Como é que a ocupação humana e as alterações climáticas afetaram o Cerrado brasileiro ao longo do último milênio? A resposta a esta pergunta ajudará a determinar como este ecossistema dominante no Brasil irá responder às futuras alterações climáticas e às políticas públicas de proteção e ordenamento do território.

Carte de la végétation du nord-est brésilien avec la localisation du parc national Sete Cidades (étoile) dans une zone de transition (vert olive) entre le Cerrado arboré (vert) et la forêt sèche du semi-aride (Caatinga en jaune)

© Xavier et al., 2022

Pólen, carvão e sementes como pistas

« Compreender a dinâmica da vegetação é essencial para interpretar as mudanças ecológicas a longo prazo sob diferentes regimes de precipitação e cenários de uso da terra », afirma Marie-Pierre Ledru, paleóloga e paleecologista do IRD. O nordeste do Brasil foi sujeito a perturbações climáticas e antropogênicas nos últimos séculos. Para traçar os sucessivos episódios, a pesquisadora e seus colegas brasileiros conduzem a investigação com base na análise de um núcleo de sedimentos retirado de um pântano do Parque Nacional das Sete Cidades?Estado do Piauí. Com efeito, para a conservação de indicadores biológicos como os grãos de pólen, é necessário realizar o coring num ambiente úmido (anaeróbico)?privado ôxigieno em permanência, o que é bastante raro no nordeste do Cerrado. Os cientistas encontraram estas condições num prado pantanoso no parque. Este último oferece dois outros interesses: o seu rico patrimônio arqueológico e o fato de ter sido colocado sob proteção total em 1961, quando toda a atividade humana foi interrompida. O pólen, as sementes e o carvão vegetal contidos nas amostras do núcleo são pistas para reconstruir o passado: os dois primeiros fornecem informações sobre a vegetação, enquanto que o último indica que houve incêndios.

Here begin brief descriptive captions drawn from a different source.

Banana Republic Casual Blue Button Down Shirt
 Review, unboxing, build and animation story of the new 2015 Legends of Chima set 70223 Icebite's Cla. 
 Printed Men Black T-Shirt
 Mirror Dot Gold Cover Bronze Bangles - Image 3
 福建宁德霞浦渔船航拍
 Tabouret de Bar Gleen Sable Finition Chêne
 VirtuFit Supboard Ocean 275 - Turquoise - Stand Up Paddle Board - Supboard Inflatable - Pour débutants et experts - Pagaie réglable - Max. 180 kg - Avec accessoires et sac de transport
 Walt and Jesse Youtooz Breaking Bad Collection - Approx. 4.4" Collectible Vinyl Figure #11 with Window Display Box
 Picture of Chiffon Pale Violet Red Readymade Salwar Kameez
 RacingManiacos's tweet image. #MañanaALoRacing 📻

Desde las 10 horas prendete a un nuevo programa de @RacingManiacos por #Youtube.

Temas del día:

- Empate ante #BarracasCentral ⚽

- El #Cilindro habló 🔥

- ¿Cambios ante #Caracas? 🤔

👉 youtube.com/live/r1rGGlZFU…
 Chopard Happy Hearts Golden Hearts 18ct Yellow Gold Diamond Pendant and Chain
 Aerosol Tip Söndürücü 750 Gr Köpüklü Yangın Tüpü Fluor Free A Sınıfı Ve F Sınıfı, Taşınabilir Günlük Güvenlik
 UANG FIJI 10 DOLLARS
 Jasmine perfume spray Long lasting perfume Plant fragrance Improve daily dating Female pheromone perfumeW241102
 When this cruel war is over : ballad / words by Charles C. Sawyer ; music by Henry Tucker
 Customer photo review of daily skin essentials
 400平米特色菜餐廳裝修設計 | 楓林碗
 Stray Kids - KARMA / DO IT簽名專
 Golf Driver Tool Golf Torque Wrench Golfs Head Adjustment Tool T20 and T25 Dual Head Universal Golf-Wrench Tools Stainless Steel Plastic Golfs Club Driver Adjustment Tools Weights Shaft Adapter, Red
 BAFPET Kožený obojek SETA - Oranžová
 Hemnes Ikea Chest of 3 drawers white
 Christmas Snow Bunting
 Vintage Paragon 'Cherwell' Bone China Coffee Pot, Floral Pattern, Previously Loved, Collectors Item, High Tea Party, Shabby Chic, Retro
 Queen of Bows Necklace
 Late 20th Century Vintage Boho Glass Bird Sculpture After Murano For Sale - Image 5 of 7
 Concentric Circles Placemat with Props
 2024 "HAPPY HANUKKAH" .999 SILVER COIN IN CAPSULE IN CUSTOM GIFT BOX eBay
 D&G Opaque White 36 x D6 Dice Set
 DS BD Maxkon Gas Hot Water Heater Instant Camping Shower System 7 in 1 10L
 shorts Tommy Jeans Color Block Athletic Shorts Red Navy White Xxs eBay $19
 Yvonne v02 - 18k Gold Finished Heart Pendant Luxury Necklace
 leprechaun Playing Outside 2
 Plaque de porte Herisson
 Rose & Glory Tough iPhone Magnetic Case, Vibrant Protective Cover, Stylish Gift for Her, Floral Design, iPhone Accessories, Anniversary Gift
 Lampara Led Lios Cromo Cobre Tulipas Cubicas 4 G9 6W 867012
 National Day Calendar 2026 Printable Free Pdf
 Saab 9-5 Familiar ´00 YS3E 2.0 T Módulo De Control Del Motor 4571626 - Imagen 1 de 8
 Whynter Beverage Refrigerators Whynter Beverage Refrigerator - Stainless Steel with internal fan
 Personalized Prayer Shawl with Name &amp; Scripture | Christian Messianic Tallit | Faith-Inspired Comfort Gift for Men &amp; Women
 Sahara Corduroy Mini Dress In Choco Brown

Physionomie du Cerrado près de Brasilia

© IRD - Marie-Pierre Ledru

Reconstrução da história paleo-ambiental

A datação por carbono-14 é realizada em diferentes porções do núcleo de 1m (= 800 anos). No parque, 24 sítios arqueológicos atestam uma presença humana com mais de mil anos. Conduzida por Sergio Xavier como parte da sua co-tutoria de doutoramento, a análise dos vários elementos encontrados nos sedimentos - incluindo a presença de areia que indica erosão - mostra que a paisagem do Cerrado foi reestruturada durante os intervalos secos e úmidos ao longo destes 800 anos. « A parte mais antiga do núcleo (1223) é testemunha de um episódio seco, atestado pela presença de uma árvore resistente à seca, explica Francisca Soares de Araújo, professora na Universidade Federal do Ceará. Isto coincide com a anomalia climática medieval conhecida no continente europeu (entre 950 e 1250). » Com praticamente nenhuma atividade de fogo observada entre 1210 e 1300, pode-se argumentar que a presença humana no local foi reduzida durante este período seco. Um intervalo mais úmido começou em 1400 CE, com a expansão do pântano e a presença de palmeiras e árvores ou herbáceas relacionadas à umidade. Por outro lado, a partir de 1650, uma importante combustão de biomassa e uma desflorestação intensiva permitem-nos datar a chegada dos colonos europeus ao norte do estado do Piauí. O que não pôde ser esclarecido até então devido à ausência de arquivos históricos nessas regiões do Brasil.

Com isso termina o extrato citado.